# Lcx111 and X38hd, can they be linked?



## rangerpig250 (Apr 10, 2011)

Question was asked to me and I don't know? Thanks, RP


----------



## K gonefishin (May 4, 2004)

Yellow plugs need to be on both to share sonar not sure 111 does


----------



## rangerpig250 (Apr 10, 2011)

K gonefishin said:


> Yellow plugs need to be on both to share sonar not sure 111 does


I'll check with him, thanks Kevin


----------



## Overwatchmike (Mar 16, 2013)

LCX111CHD does not have the yellow plug or ethernet plug so it cannot be linked.... I have one and use it as a stand alone unit.


----------



## rangerpig250 (Apr 10, 2011)

Overwatchmike said:


> LCX111CHD does not have the yellow plug or ethernet plug so it cannot be linked.... I have one and use it as a stand alone unit.

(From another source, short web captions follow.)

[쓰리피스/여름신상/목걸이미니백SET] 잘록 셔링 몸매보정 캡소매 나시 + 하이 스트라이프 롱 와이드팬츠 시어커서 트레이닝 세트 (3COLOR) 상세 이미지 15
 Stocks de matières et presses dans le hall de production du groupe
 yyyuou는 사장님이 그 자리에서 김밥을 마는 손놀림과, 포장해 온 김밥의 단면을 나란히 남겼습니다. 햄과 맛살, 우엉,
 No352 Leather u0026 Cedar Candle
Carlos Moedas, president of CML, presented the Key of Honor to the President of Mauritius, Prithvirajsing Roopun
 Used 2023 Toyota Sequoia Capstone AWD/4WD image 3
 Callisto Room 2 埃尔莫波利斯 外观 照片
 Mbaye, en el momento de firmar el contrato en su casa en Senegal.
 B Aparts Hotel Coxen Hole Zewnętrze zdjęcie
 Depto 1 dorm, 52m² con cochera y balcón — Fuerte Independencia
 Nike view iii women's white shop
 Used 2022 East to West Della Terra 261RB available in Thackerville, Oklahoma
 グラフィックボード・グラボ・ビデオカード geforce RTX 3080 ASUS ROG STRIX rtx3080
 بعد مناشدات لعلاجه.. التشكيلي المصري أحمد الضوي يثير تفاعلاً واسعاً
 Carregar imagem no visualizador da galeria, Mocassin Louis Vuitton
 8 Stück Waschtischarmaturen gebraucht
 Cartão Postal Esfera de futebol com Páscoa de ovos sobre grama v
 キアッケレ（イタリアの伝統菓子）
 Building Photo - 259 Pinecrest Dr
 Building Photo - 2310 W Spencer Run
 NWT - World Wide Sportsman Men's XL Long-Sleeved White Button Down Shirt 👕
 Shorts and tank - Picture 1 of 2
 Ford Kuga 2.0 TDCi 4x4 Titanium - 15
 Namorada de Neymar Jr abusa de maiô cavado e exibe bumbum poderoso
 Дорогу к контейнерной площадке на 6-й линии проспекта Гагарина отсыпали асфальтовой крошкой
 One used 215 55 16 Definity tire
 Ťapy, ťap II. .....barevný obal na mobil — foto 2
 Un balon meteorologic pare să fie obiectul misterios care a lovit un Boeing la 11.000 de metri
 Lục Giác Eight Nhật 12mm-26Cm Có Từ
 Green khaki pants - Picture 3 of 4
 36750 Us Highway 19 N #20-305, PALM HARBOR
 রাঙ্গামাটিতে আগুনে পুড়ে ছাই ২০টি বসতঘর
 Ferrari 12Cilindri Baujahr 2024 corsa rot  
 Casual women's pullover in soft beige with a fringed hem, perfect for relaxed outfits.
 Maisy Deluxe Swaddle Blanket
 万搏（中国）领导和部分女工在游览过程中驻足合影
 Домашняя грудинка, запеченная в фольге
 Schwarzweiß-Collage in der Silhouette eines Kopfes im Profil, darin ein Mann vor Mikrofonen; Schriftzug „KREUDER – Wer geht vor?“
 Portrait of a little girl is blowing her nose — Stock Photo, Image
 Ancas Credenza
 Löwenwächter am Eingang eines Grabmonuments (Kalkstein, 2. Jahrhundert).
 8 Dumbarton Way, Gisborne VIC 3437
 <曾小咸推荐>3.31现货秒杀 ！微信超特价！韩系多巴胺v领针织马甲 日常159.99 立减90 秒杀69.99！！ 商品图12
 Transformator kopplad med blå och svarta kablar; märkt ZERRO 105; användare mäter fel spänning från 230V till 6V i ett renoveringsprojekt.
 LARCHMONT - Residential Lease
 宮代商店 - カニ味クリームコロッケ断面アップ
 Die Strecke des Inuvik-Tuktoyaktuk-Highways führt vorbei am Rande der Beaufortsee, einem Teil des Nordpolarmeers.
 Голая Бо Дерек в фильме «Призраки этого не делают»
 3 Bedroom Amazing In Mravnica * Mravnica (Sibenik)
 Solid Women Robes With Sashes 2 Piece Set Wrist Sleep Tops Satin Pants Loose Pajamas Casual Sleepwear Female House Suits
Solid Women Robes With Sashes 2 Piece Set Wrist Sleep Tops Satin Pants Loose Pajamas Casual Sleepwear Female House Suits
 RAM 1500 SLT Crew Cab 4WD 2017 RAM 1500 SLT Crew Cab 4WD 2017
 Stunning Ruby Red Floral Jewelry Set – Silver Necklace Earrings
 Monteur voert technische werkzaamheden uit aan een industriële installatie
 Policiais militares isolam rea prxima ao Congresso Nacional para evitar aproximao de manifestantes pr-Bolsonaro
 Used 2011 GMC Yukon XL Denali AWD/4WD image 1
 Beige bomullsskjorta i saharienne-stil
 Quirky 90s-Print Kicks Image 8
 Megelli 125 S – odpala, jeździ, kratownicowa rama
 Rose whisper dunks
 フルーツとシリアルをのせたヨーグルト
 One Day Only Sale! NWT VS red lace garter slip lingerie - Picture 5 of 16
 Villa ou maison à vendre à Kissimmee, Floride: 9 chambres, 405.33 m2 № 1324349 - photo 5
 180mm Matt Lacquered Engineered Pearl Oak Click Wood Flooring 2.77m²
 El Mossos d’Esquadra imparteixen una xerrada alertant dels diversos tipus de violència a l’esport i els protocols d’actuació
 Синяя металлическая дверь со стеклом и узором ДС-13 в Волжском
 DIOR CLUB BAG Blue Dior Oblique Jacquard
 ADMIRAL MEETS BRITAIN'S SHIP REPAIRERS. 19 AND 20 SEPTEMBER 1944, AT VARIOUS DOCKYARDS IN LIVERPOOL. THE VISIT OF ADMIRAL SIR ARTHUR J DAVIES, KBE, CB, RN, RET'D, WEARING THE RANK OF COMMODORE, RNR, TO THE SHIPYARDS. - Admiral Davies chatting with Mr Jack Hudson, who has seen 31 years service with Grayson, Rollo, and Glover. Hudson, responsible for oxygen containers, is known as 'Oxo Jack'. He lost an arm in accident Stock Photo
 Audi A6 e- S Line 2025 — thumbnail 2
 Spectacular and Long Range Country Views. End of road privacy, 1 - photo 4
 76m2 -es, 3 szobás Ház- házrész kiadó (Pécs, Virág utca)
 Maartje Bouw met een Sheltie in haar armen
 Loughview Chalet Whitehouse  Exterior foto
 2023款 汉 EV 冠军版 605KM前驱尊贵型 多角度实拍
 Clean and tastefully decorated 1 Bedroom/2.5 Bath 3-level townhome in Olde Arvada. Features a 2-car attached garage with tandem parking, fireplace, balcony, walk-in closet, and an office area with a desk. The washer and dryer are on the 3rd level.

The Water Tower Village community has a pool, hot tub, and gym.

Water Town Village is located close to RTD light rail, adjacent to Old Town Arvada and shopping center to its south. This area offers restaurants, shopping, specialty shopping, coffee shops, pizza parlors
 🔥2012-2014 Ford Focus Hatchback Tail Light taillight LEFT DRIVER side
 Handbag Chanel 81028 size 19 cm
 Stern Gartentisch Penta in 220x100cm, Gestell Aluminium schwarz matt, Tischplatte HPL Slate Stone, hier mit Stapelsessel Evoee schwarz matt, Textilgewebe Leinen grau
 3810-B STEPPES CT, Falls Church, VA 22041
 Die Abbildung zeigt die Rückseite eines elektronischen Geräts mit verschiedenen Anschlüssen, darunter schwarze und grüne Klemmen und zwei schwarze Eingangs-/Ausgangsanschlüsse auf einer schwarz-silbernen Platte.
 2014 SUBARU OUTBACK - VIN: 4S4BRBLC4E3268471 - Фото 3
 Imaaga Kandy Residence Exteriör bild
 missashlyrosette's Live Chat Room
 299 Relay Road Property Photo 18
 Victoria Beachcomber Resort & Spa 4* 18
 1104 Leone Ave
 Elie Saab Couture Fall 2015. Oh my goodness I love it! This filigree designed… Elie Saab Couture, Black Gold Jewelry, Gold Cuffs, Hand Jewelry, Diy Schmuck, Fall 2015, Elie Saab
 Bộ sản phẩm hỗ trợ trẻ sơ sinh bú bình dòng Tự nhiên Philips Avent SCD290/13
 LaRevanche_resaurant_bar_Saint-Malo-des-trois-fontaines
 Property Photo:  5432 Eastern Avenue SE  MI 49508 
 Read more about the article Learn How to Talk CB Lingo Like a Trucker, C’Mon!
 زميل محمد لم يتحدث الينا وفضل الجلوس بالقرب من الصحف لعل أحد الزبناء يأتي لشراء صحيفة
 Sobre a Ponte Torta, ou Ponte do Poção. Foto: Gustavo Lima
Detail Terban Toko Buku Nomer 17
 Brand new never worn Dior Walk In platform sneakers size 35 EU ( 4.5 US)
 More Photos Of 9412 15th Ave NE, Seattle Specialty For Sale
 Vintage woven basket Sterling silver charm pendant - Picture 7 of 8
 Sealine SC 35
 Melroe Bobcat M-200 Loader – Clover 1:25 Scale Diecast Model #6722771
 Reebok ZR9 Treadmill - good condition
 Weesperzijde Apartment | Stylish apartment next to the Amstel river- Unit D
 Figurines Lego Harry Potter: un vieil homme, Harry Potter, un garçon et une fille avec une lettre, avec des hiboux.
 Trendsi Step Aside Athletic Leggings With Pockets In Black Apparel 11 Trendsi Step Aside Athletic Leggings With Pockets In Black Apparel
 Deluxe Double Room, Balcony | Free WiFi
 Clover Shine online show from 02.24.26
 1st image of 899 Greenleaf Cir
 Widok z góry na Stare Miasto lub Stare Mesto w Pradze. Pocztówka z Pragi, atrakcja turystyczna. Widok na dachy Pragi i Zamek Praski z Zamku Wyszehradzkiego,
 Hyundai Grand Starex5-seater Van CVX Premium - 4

Thankyou, I appreciate it!


----------



## steelneyes2 (Jul 19, 2011)

You can share GPS Data, waypoints and i believe depth and temperature data. You'd have to do an old fashioned NMEA 0183 or 2000 network. Its probably more work than it's worth, but I still run one reliably for a 10 year old autopilot and marine radio. Just need to connect the network wires for 0183. Lowrance no longer sells most of the parts for a 2000 network though and aside from engine monitoring or digital gauges, were quickly passed by with ethernet, sonar sharing and side scanning etc.


----------



## rangerpig250 (Apr 10, 2011)

steelneyes2 said:


> You can share GPS Data, waypoints and i believe depth and temperature data. You'd have to do an old fashioned NMEA 0183 or 2000 network. Its probably more work than it's worth, but I still run one reliably for a 10 year old autopilot and marine radio. Just need to connect the network wires for 0183. Lowrance no longer sells most of the parts for a 2000 network though and aside from engine monitoring or digital gauges, were quickly passed by with ethernet, sonar sharing and side scanning etc.


I believe what he's looking to do is share a transducer. He wants to mount one at console and the other one at stern.


----------



## Overwatchmike (Mar 16, 2013)

rangerpig250 said:


> I believe what he's looking to do is share a transducer. He wants to mount one at console and the other one at stern.


I wanted to do the same thing.... It's a no go sharing a transducer with the 111. I use the 111 as my GPS unit and bought a Gen3 HDS 9 for sonar work. With the Gen3's you can use a tablet as a portable head unit via the Lowrance GoFree app. Gen2's can also do it if you buy the WiFi box from Lowrance. The Gen3's have the wifi built in.


----------